Emmert offered Franklin a new job: chief inclusion officer. Franklin accepted, wasting no time intensifying the conversation on equity and fairness. As Franklin noted, improving diversity statistics is important, but also essential is ensuring that a diverse workforce consistently enjoys a respectful and welcoming environment.

“I believe the NCAA was probably one of the first national organizations to introduce into the discourse this whole concept of inclusion,” he said.

When Franklin looks back on his NCAA career, he said he takes particular pride in several programs:

  • The presidential pledge. Since September 2016, 839 member schools and 102 conferences have signed the pledge, committing to push for more diversity and gender equity in athletics hiring. “In the last year and a half, I’ve witnessed more discussion about issues around diversity and inclusion than I had probably experienced in the prior four or five years,” Franklin said. “If people are talking about it, it means they’re thinking about it. And if they’re thinking about it, hopefully they’re acting on it.”
  • The NCAA Accelerating Academic Success Program. The program cultivates academic support for student-athletes through grants to member schools. “I’m extraordinarily pleased,” Franklin said, “to see it from its very beginning, starting out as a pilot … and now it has mainstream financial support.”
  • The NCAA Inclusion Forum. This annual gathering of higher education and college athletics leaders and student-athletes stages sessions that delve into research and support for racial and ethnic minorities, women, international student-athletes, LGBTQ student-athletes and athletes with disabilities. “Folks come from all across the country for 2½ days to talk about best practices and policies,” Franklin said. “Hopefully, they’ll find some seed in that discussion and go back to their campus and plant it, nurture it, and it will grow into an object of change.”
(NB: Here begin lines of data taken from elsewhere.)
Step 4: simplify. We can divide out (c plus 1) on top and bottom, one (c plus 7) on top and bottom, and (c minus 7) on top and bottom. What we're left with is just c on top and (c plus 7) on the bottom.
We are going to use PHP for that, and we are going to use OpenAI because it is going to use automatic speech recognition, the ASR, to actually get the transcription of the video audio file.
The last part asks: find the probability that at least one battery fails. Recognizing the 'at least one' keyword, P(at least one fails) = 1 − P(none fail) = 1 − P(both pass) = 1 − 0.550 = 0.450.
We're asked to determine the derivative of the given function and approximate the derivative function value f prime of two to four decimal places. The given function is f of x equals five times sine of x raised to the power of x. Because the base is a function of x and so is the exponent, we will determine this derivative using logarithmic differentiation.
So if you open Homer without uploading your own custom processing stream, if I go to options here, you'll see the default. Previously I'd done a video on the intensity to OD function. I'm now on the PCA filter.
Franklin is proud, too, of his many mentoring experiences, dating to his initial years as a college president when he chose a “mentee” from each freshman class and helped that student with a road map for higher education. At the NCAA, his mentoring often took the form of work with young people experiencing challenges related to diversity, gender, sexual orientation or physical disability.

“I felt like I was in a position here at the national office to give a voice to those issues,” said Franklin, who turned 65 in August.
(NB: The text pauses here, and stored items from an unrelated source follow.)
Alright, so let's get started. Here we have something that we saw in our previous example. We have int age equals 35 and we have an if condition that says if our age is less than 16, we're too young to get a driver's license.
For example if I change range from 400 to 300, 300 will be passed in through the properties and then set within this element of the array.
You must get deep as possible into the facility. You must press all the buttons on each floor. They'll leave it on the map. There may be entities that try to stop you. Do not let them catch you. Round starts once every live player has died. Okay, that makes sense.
As the Association continues to chisel away at diversity concerns in college athletics, Franklin said attracting more people of color for the pipeline of future high-level coaches and administrators is vastly important. A diverse population of student-athletes needs to see more role models in top positions.

“I’ve talked to student-athletes who’ve come out for our Career Forum, particularly female student-athletes of color,” he said. “I’ve encouraged them about going into the industry. More often than not, I hear, ‘Well, I’ll think about it, but I don’t see anyone who looks like me doing what I want to do.’ If we can create more opportunities, then I think there are generations, past and future, of student-athletes who would relish the opportunity to see themselves doing what they want to be able to do.”